Every entry below should come back unchanged, except that the pictures are dropped.

===

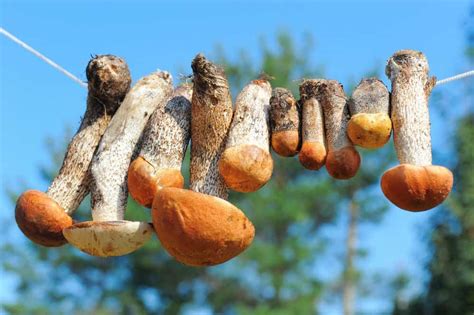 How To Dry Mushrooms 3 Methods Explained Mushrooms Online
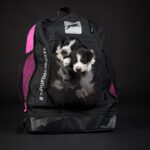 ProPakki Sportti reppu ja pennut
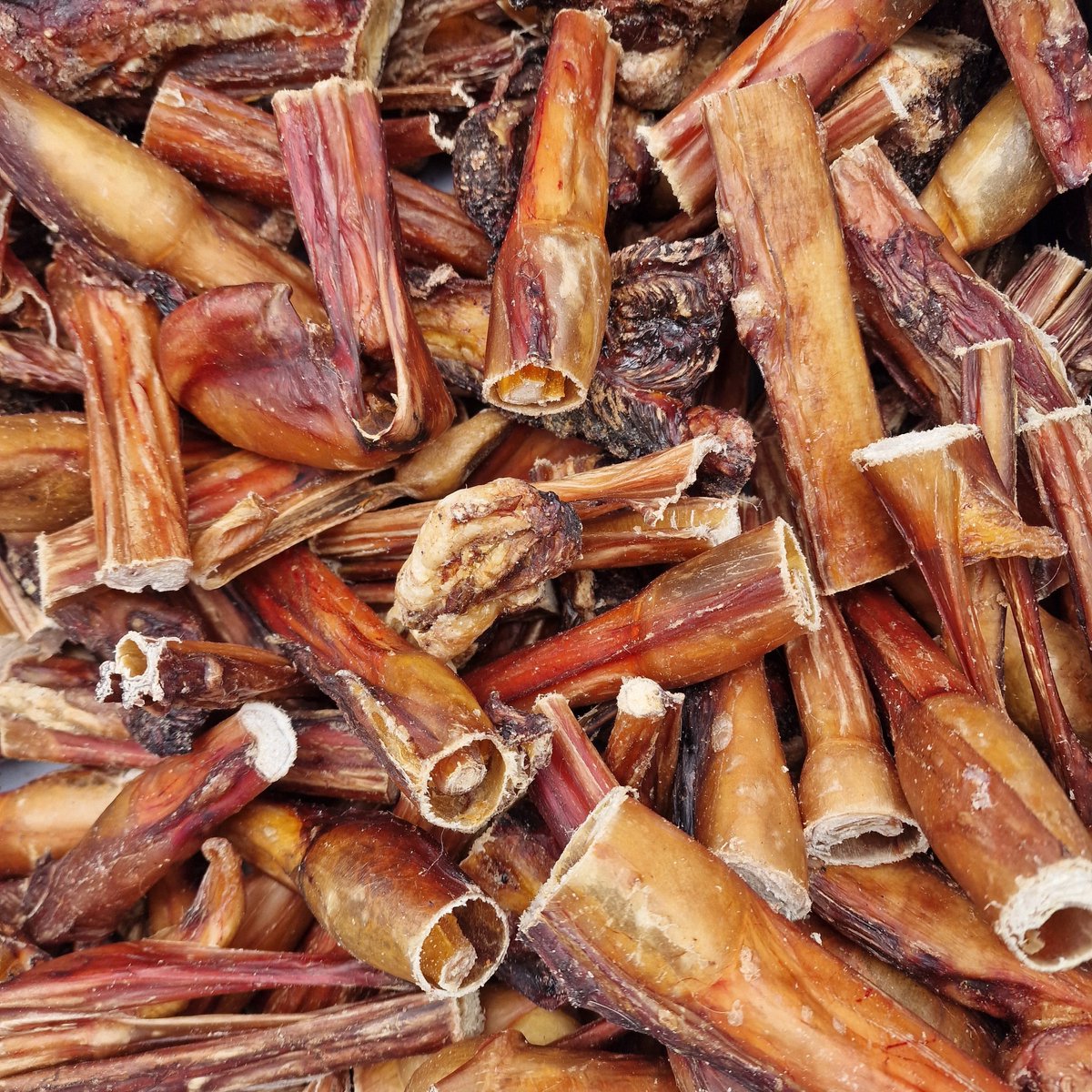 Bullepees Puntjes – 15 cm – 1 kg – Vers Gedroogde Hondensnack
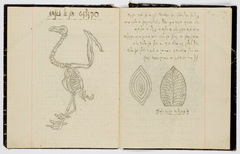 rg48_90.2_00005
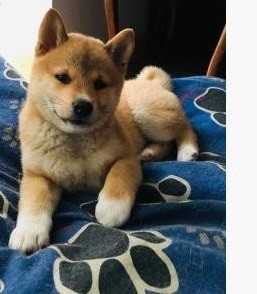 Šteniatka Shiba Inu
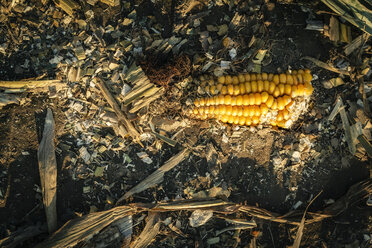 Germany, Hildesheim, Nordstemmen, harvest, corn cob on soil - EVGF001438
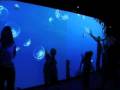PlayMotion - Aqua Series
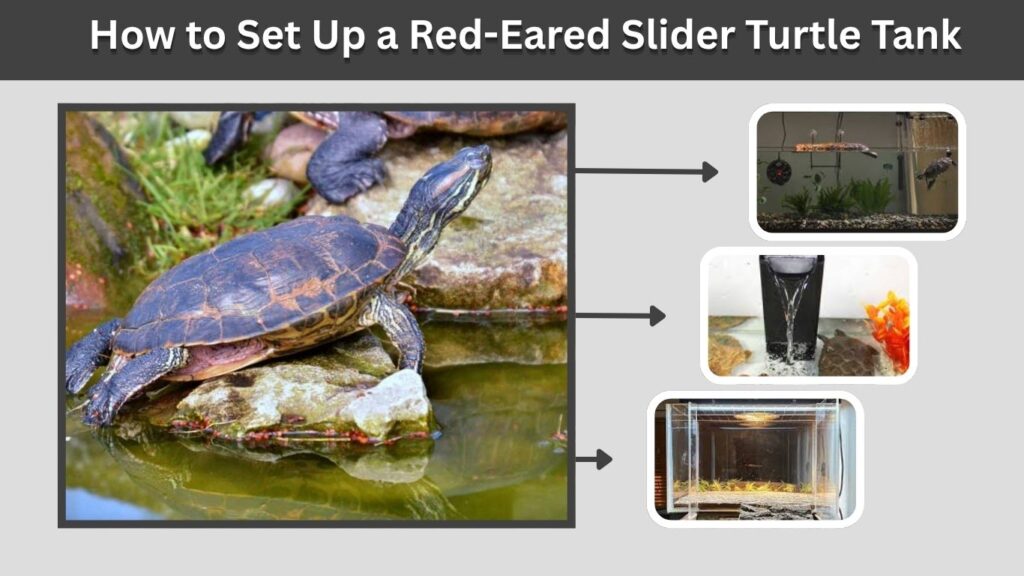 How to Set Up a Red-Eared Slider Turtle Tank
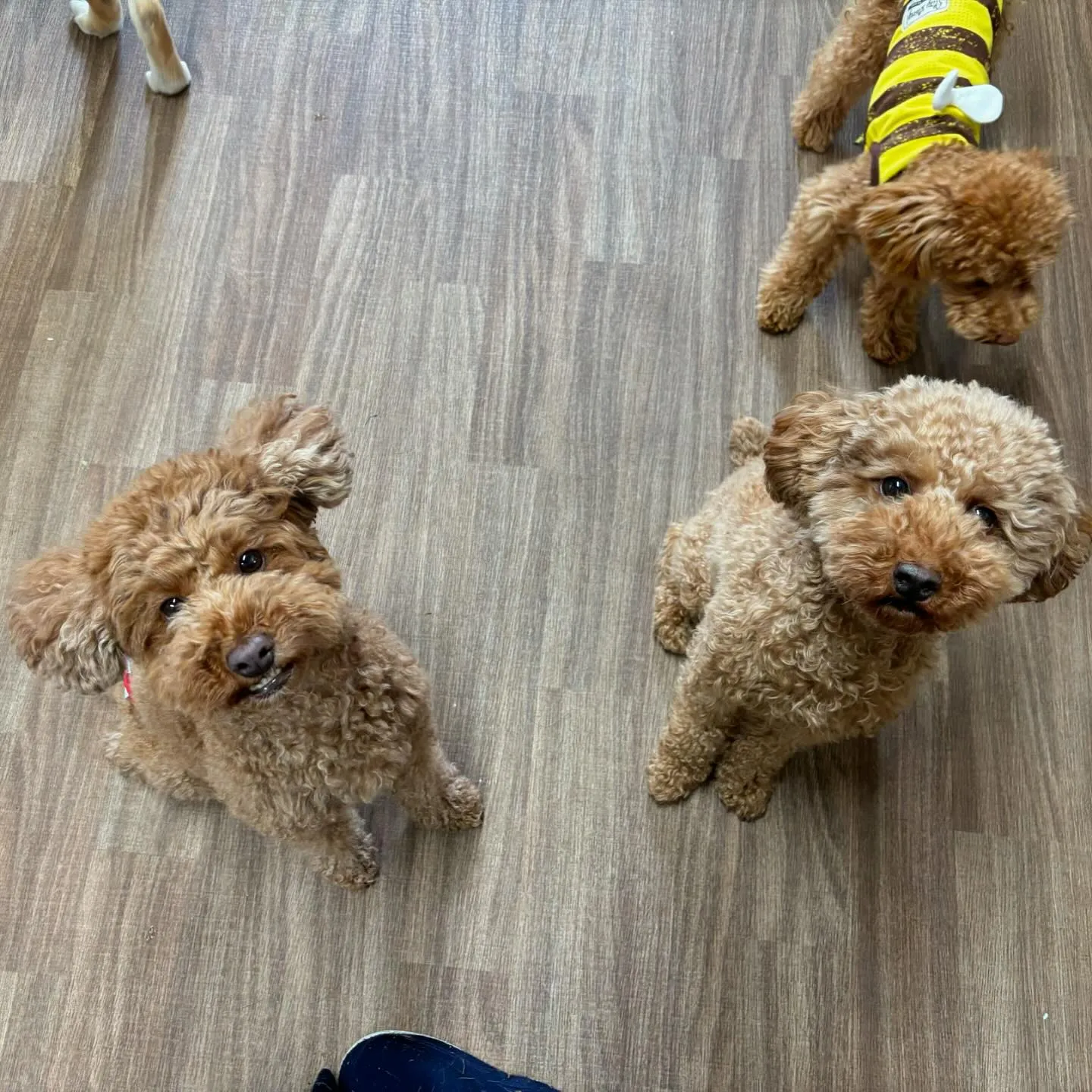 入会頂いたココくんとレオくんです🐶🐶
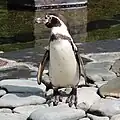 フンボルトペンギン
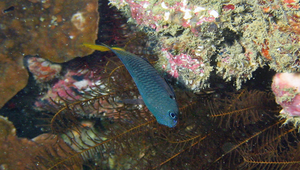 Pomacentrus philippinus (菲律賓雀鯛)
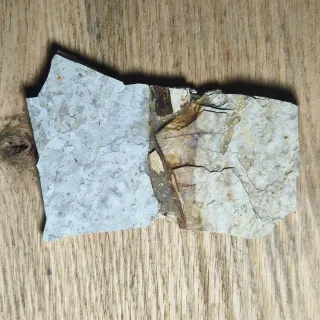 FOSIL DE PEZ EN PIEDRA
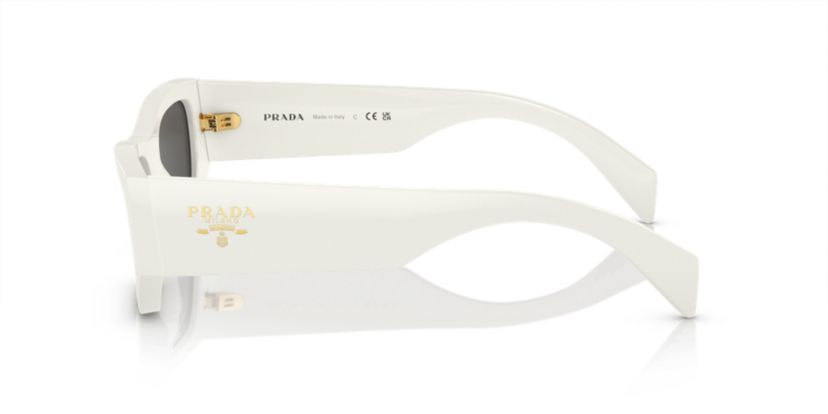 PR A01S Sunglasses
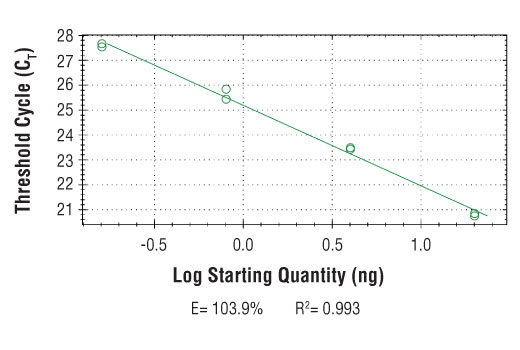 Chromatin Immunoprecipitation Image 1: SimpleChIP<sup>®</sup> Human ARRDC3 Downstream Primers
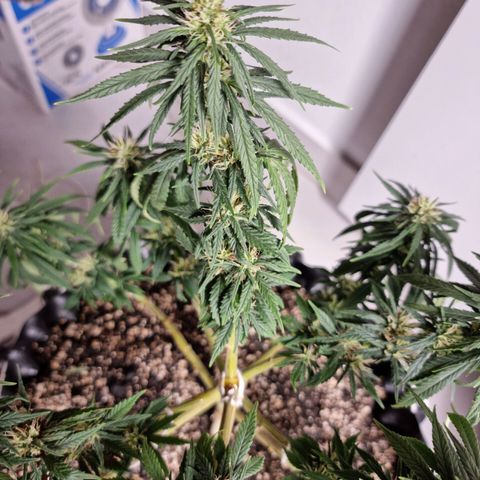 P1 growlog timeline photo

===

_Completed task_
 How To Dry Mushrooms 3 Methods Explained Mushrooms Online
 ProPakki Sportti reppu ja pennut
 Bullepees Puntjes – 15 cm – 1 kg – Vers Gedroogde Hondensnack
 rg48_90.2_00005
 Šteniatka Shiba Inu
 Germany, Hildesheim, Nordstemmen, harvest, corn cob on soil - EVGF001438
PlayMotion - Aqua Series
 How to Set Up a Red-Eared Slider Turtle Tank
 入会頂いたココくんとレオくんです🐶🐶
 フンボルトペンギン
 Pomacentrus philippinus (菲律賓雀鯛)
 FOSIL DE PEZ EN PIEDRA
 PR A01S Sunglasses
 Chromatin Immunoprecipitation Image 1: SimpleChIP<sup>®</sup> Human ARRDC3 Downstream Primers
 P1 growlog timeline photo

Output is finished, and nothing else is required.